Después de mucho caminar te detienes en un parque. Algunos jóvenes se ejercitan; muy pocos. El sol comienza a esplender. Se te ocurre pensar que es tuyo el astro rey, y el aire, los árboles, las plantas de las jardineras, las mariposillas que desperezan sus alas sobre el rocío. Descubres que existen para ti y son tus sentidos la conexión fraternal con toda la maravilla que te circunda. Incluso el piso mojado por la lluvia nocturna es una invención del mundo exclusiva para tu olfato. Todo es y se mueve porque tú estás ahí para hacerlo posible. En las ramas de los árboles gorjea con fuerza la vida y cientos de alas se aprestan a cruzarla en todas direcciones. Te preguntas si eso será la libertad o es una magia extraña que también pasará de largo como el amor. ¿Desde cuándo no llenabas los cuencos vacíos de tu existencia como este día logras hacerlo en unos cuantos minutos? ¿Descubres ahora, repentinamente, la matrix que había cosificado tu presencia en el mundo y tenía atrapados tus sentidos y tus pensamientos?

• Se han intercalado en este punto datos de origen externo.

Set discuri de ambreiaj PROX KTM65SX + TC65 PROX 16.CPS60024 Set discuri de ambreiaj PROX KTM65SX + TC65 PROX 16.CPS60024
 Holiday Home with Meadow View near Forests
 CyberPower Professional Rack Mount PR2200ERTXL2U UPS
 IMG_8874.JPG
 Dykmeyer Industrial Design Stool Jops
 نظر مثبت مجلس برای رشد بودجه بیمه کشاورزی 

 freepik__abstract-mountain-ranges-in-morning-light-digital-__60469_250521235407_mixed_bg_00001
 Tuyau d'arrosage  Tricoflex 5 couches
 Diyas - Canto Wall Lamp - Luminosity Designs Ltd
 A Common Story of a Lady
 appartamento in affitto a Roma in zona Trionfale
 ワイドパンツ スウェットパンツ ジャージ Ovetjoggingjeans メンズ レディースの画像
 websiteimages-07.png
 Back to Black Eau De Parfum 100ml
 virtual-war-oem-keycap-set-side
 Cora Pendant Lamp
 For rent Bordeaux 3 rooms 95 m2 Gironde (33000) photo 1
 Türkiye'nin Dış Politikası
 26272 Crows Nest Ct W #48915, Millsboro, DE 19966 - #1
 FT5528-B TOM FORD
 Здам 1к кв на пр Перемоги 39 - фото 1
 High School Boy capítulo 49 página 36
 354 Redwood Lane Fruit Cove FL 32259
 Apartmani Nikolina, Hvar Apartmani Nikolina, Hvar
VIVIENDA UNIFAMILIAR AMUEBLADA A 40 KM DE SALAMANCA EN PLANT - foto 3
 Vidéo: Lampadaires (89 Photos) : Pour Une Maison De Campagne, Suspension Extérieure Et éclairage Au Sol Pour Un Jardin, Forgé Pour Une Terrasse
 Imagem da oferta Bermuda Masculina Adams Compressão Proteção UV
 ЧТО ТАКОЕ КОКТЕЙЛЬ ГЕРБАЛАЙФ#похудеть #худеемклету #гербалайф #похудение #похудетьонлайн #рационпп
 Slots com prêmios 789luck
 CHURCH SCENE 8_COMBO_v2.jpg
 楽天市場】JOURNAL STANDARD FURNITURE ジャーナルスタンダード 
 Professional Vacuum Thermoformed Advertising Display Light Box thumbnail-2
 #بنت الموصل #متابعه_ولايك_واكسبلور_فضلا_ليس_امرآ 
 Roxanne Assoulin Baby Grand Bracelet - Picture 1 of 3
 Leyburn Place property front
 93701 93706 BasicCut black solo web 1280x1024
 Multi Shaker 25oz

Una pareja de ancianos pasa caminando a buen paso, desafiando las recomendaciones sanitarias de las autoridades; van tomados de la mano. No llevan cubrebocas y sonríen al verte, deslumbrados tal vez por el sol que se ha metido en ti. No parecen estar preocupados por nada. Será tal vez que su sapiencia de años es a prueba de virus y para ellos una mañana fresca en el parque es un bocado de vida impostergable. Sientes amarlos aunque jamás los hayas visto. Quisieras saber qué hicieron o dejaron de hacer para no soltarse de la mano después de tanto tiempo. Se cruza por tu cabeza que la mujer de pelo cano eres tú, mostrándote desde un futuro improbable; el anciano es él. Sin embargo, ¿a quién imaginas cuando piensas en “él”? ¿Es aquel que a esta hora se habrá levantado de la cama y estará buscándote desesperado o algún otro que vendrá después?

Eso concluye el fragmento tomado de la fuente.